▶ _Data shown_
________

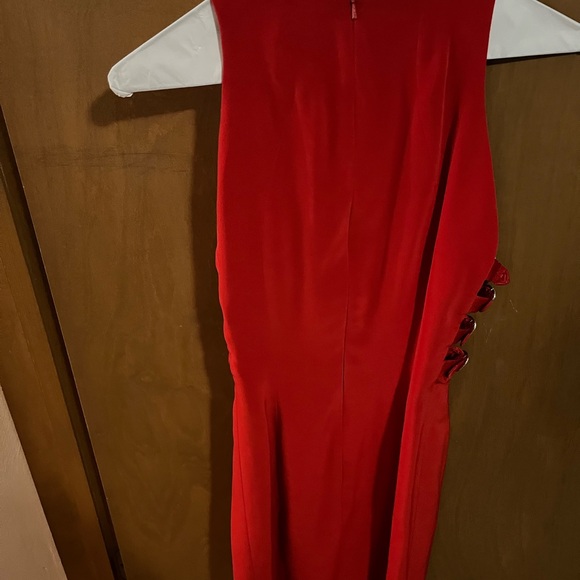 Holiday party 👗 - Picture 4 of 5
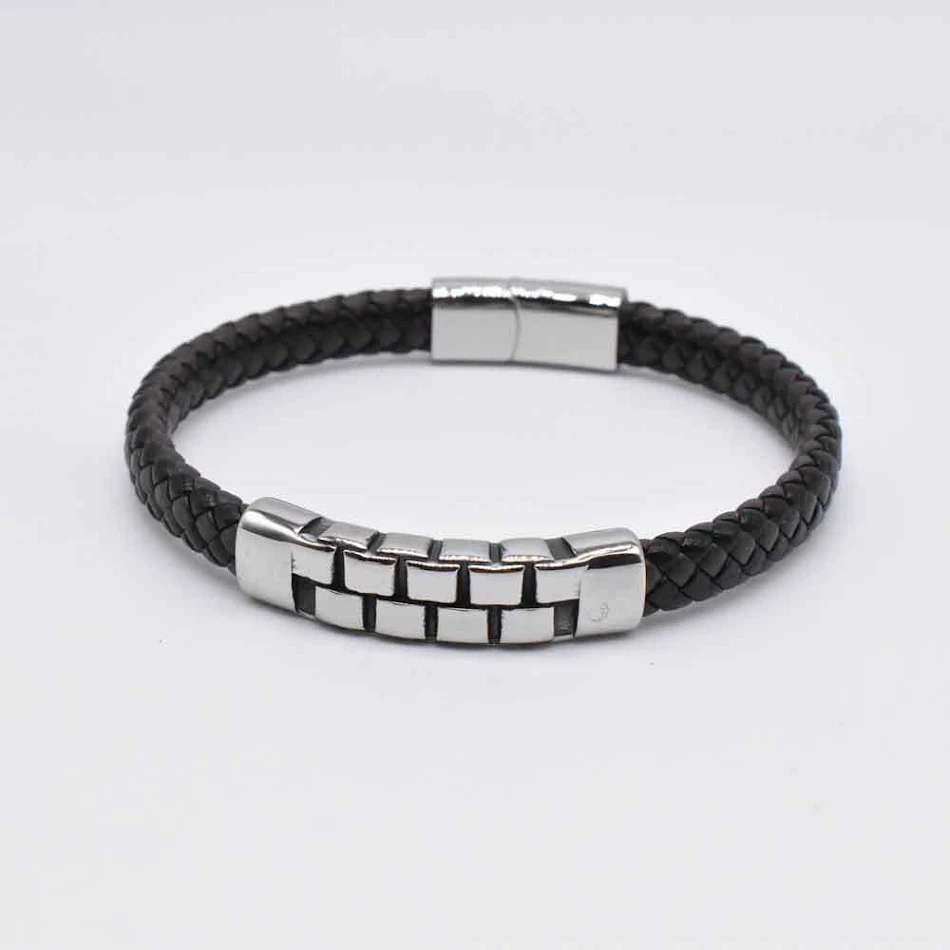 Bracciale da uomo in pelle intrecciata con accessori in acciaio al titanio fuso, elegante e resistente, perfetto per un look maschile e sofisticato.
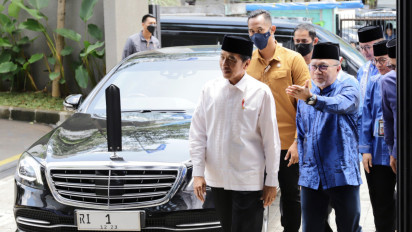 Jokowi Ngaku Pusing Gara-gara Mikirin Piala Dunia U20 yang Ujungnya Dibatalkan FIFA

________

▶ _Instructions to follow_
Please repeat the lines above from the line containing "Bracciale da uomo" through the final line, both included, exactly as they stand and without pictures.

▶ _Written answer_
 Bracciale da uomo in pelle intrecciata con accessori in acciaio al titanio fuso, elegante e resistente, perfetto per un look maschile e sofisticato.
 Jokowi Ngaku Pusing Gara-gara Mikirin Piala Dunia U20 yang Ujungnya Dibatalkan FIFA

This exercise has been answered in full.